7.2V. You could take two tired ones out of a torch and add three new ones.

Bill

Reply to
Bill Wright

Why should the strobe run down the local battery? Surely it's powered by the mains supply via the control panel or had that failed as well.

Peter

Reply to
Peter Andrews

Another thought, had the strobe failed due to being left flashing for a 'long' period. I don't know what the expected life of a strobe is!

Peter

Reply to
Peter Andrews

Doesn't the local battery only play a part if the mains power is cut?

3xAAA would be more like 3.6-4.2v @ 800mAh depending on state of charge. Sounds a bit puny for an active alarm backup to me.

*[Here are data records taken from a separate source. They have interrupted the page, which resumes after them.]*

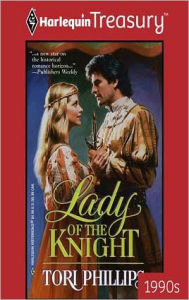 Title: LADY OF THE KNIGHT, Author: Tori Phillips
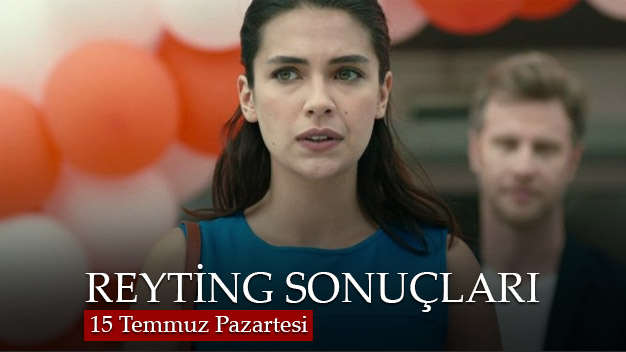 15 Temmuz Pazartesi Reyting Sonuçları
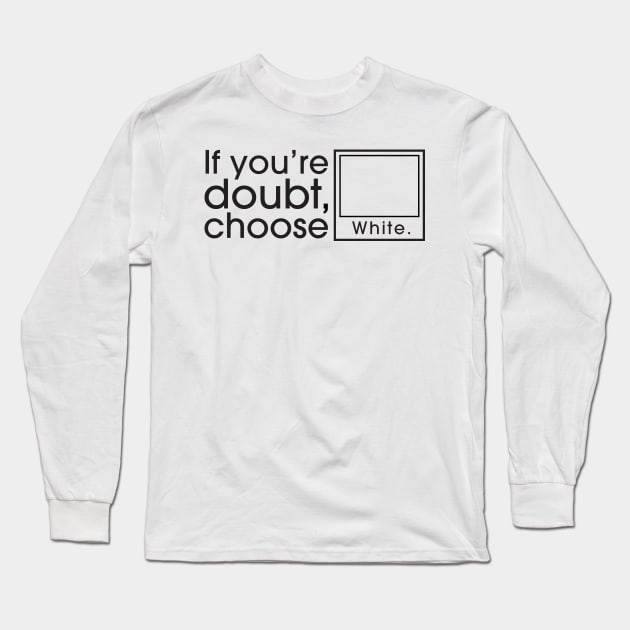 If you’re doubt, choose White! Long Sleeve T-Shirt by OzzyMac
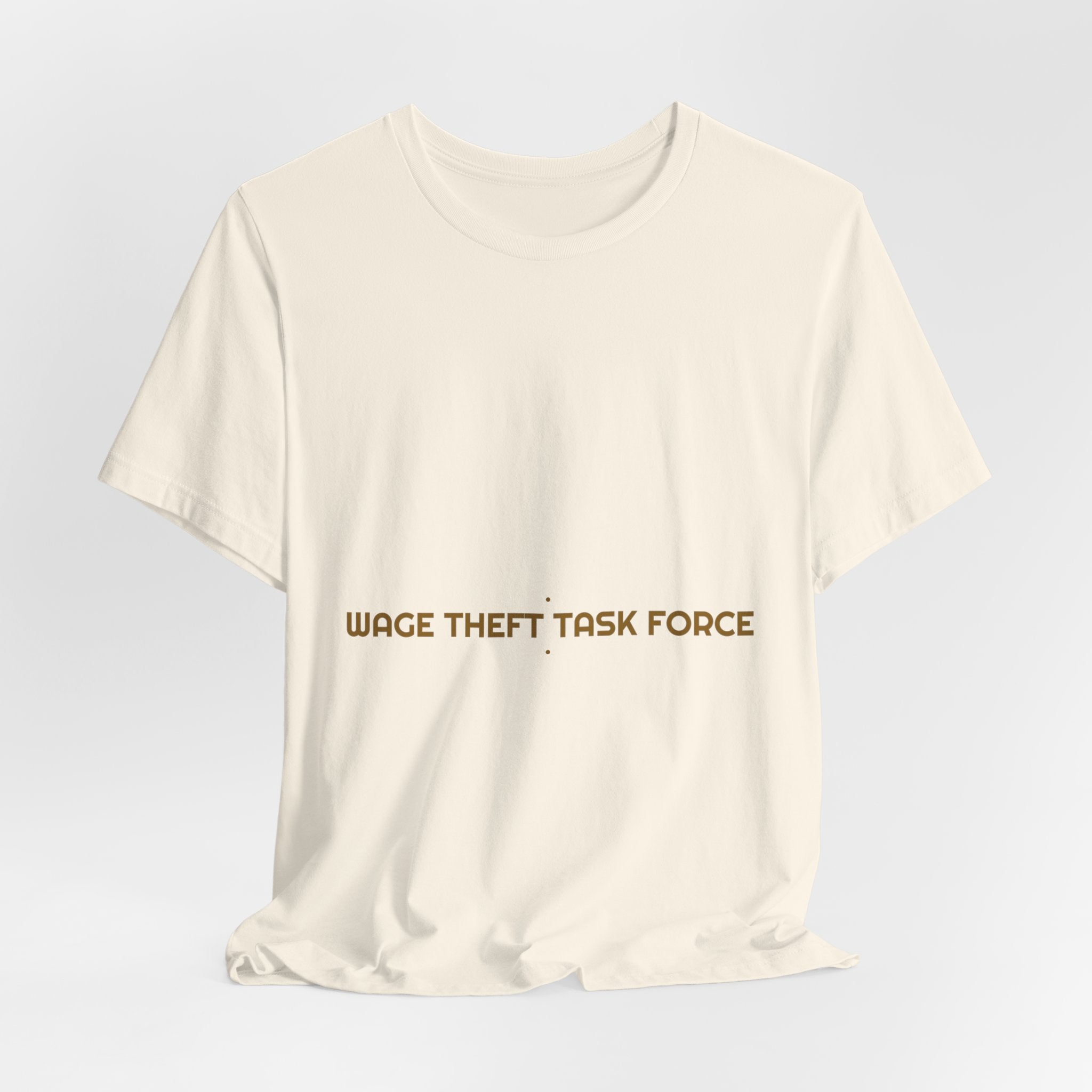 Wage Theft Task Force - Trendy Teez Funny Tee mockup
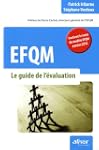 EFQM : Le guide de l'�valuation, cont...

Mine has great hunk of about 7Ah lead acid cell on float charge replaced when it fails a stress test or after four years whichever happens sooner.

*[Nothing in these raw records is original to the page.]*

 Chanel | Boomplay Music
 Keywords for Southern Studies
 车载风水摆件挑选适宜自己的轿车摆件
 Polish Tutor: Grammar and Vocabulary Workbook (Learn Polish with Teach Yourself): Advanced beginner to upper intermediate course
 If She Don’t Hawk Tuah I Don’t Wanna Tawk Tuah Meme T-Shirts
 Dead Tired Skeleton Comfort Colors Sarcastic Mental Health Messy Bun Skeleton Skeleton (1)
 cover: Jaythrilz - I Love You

If it is a 300mAh cell then you can't do it much harm if you charge it for twelve hours at the nominally C/10 rate 30mA. Choose a PSU with enough voltage and a suitable series resistor to keep the charging current under 30mA and leave it to charge for half a day.

NiCads have low internal resistance so can source a lot of current. You must current limit when charging batteries or they will cook.

The steam that comes out if it vents can be boiling hot caustic - not nice!

Reply to
Martin Brown

That's what I would expect but, IIRC, there are two main types of sounder. "SCB" Self Contained Bell and "SAB" Self Activated Bell. SCB sort of implies that it runs from it's battery no matter the state of the supply, where as SAB only uses it's battery if needs to make noise without supply.

TBH I've never quite got my head around how sounders work, it's not as simple as "make a noise if the alarm wire is in x state". Local tamper comes into it, which is also linked to the panels tamper circuit and there is also a "hold off" and supply detection.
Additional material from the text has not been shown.